This is very much the point of Gregory Hersov's approach to the play at the Royal Exchange in Manchester, flagged in the programme and evident early on in his and designer David Short's presentation of a modern-day Ephesus. It is all port and terminus scurry as an eclectic hive of travellers - including a City type carrying a Zulu spear and shield - queue and hurry and squint at directions. The city is a place of bewildering alienation, occasional freakish good fortune and preposterous coincidence. Here everything might be lost and everything might be found.

All this might be thought to be taking The Comedy of Errors a little seriously, but that is what Hersov does. The opening scene, in which Pip Donaghy's enthroned Duke descends god-like to hear Gordon Langford Rowe's dignified Egeon tell the tale of his lost children, is solemn as the grave.

Equally, at the very end, the brief exchange between the two Dromios is made into a tentative reunion so disruptive of their own identities that they seem to wish they had remained long lost. Though this does properly award them more sensibility than is usually accorded Shakespeare's clowns, in practice it still seems contrivedly spun out.

But taking the play seriously does mean that we do feel sharply those moments when the mistaken identities so dizzy both sets of twins that they seriously doubt they have any grip on their own minds and experience.

Philip Bird's Antipholus of Syracuse is at first happy to grab what's so surprisingly offered him, but is eventually utterly and convincingly disconcerted to be in a place where 'everyone knows us and we know none'.

Even so, if it is not to be a heedless romp, the play still demands some full-blooded comic treatment and it receives it only in fits and starts. It leaps to life with such moments as when Jacquetta May's Adriana, winged but still sexy, holds forth on unfaithfulness to the wrong Antipholus before suctioning herself to him in a way that certainly suggests she knows the 'ruffian lust' of which she speaks.
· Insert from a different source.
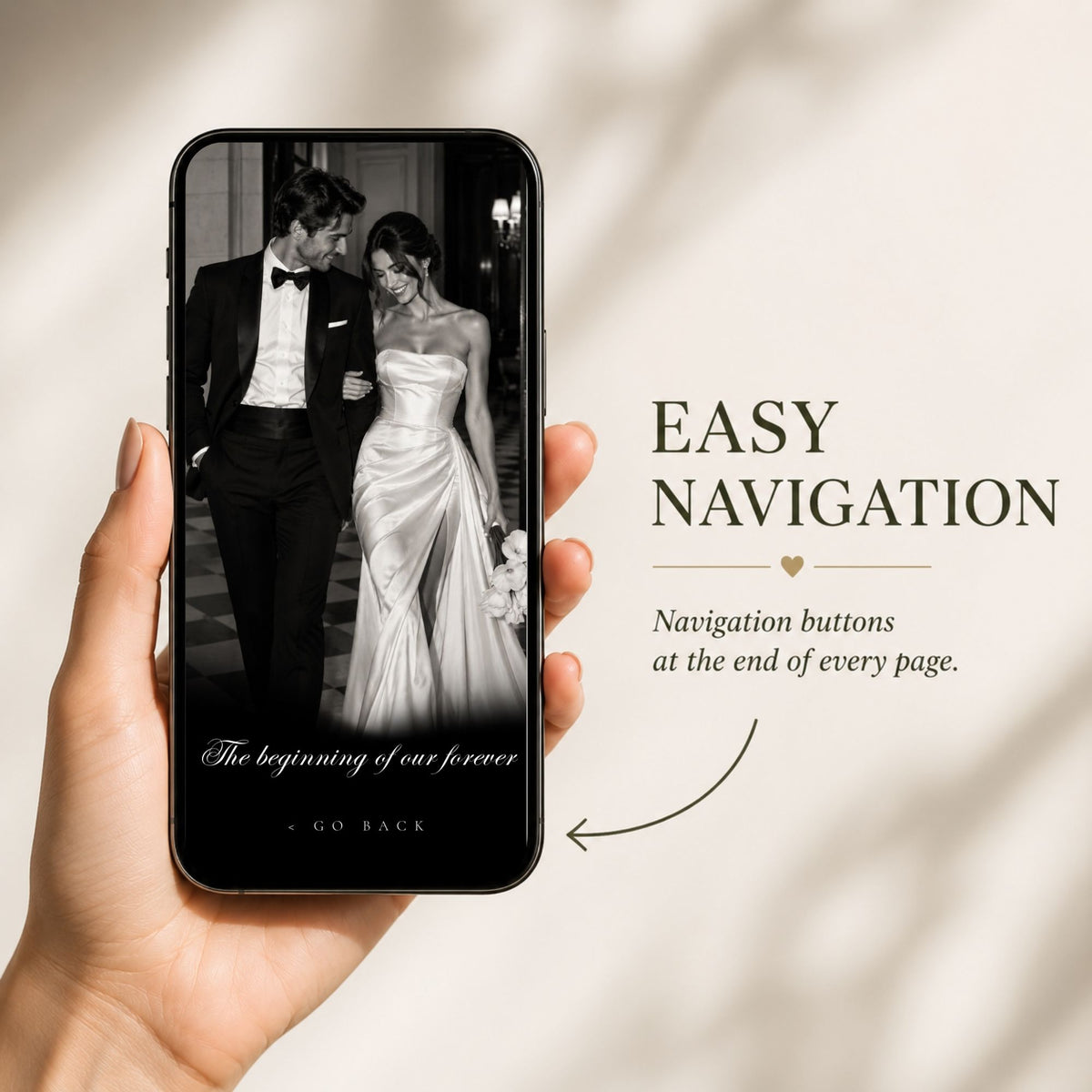 Mobile-friendly black tie save the date website with easy navigation and romantic black-and-white wedding photography.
The very best moments belong to Adrian Scarborough as Dromio of Syracuse. In his mortified distaste at being mistaken for his twin by the kitchen wench, he describes her as 'all grease'. Used to being the long-suffering servant, he moves through the succeeding bewilderments at a doleful, resigned waddle, though ever ready to skip at the prospect that some 'higher waftage' will enable him and his master to escape.

But the production as a whole obstinately refuses to gain enough pace for lift-off. The nightclub episode is a cumbersome set piece, and I'm increasingly of the opinion that all scenes in Shakespeare featuring mountebanks and quacks should be cut by law, however gigantic the hypodermic. It is entirely possible that the production will hit its pace and timing, but at present the comedy is wandering.

'The Comedy of Errors' is at the Royal Exchange, Manchester, until 10 April (061-833 9833). Tours nationally May and June.